### Collected data
+ + +

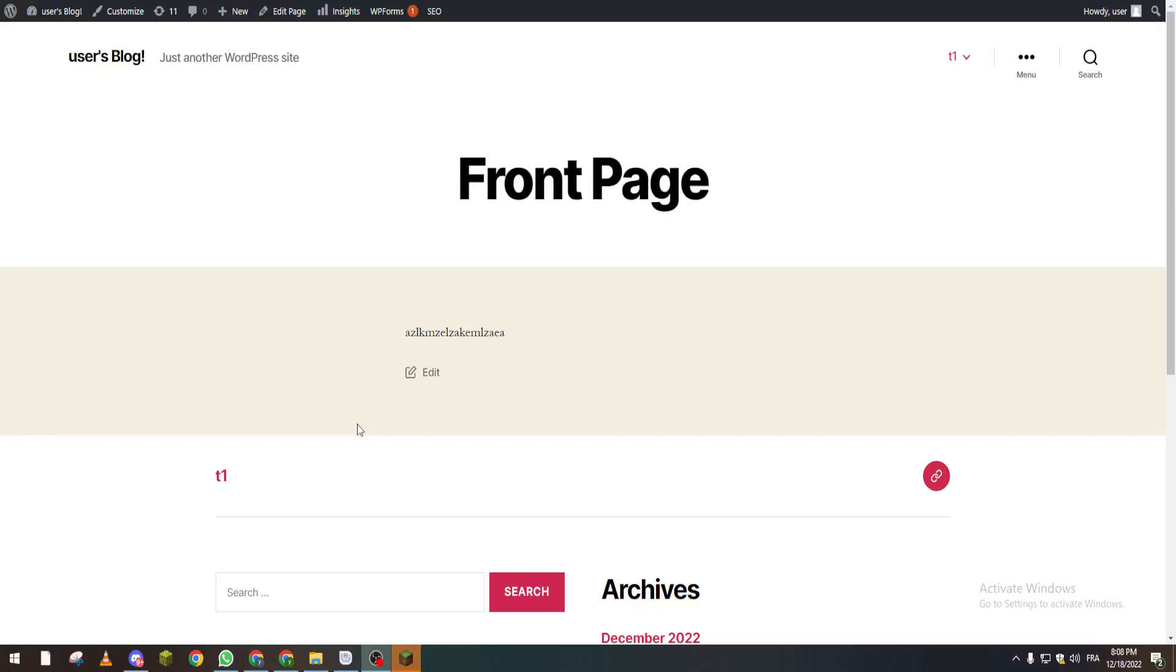Hello guys and welcome back to another WordPress tutorial. In this video I will be showing you how to add a page to a draft, add a post to a draft, and also how to share the draft that you have.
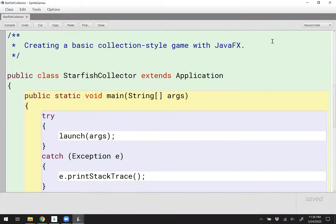Hello! In this video, we're going to learn how to create sprite-based games using JavaFX.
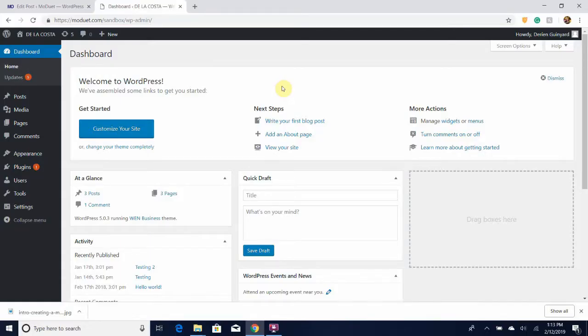So in this video I'm going to be showing you how you can go visit your website from this WordPress editing website. Right now you can see that I'm on the dashboard and one of the ways you can...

+ + +

### Work instruction
Give back the whole listing exactly as it stands. Drop every picture.

### Response to this exercise
Hello guys and welcome back to another WordPress tutorial. In this video I will be showing you how to add a page to a draft, add a post to a draft, and also how to share the draft that you have.
Hello! In this video, we're going to learn how to create sprite-based games using JavaFX.
So in this video I'm going to be showing you how you can go visit your website from this WordPress editing website. Right now you can see that I'm on the dashboard and one of the ways you can...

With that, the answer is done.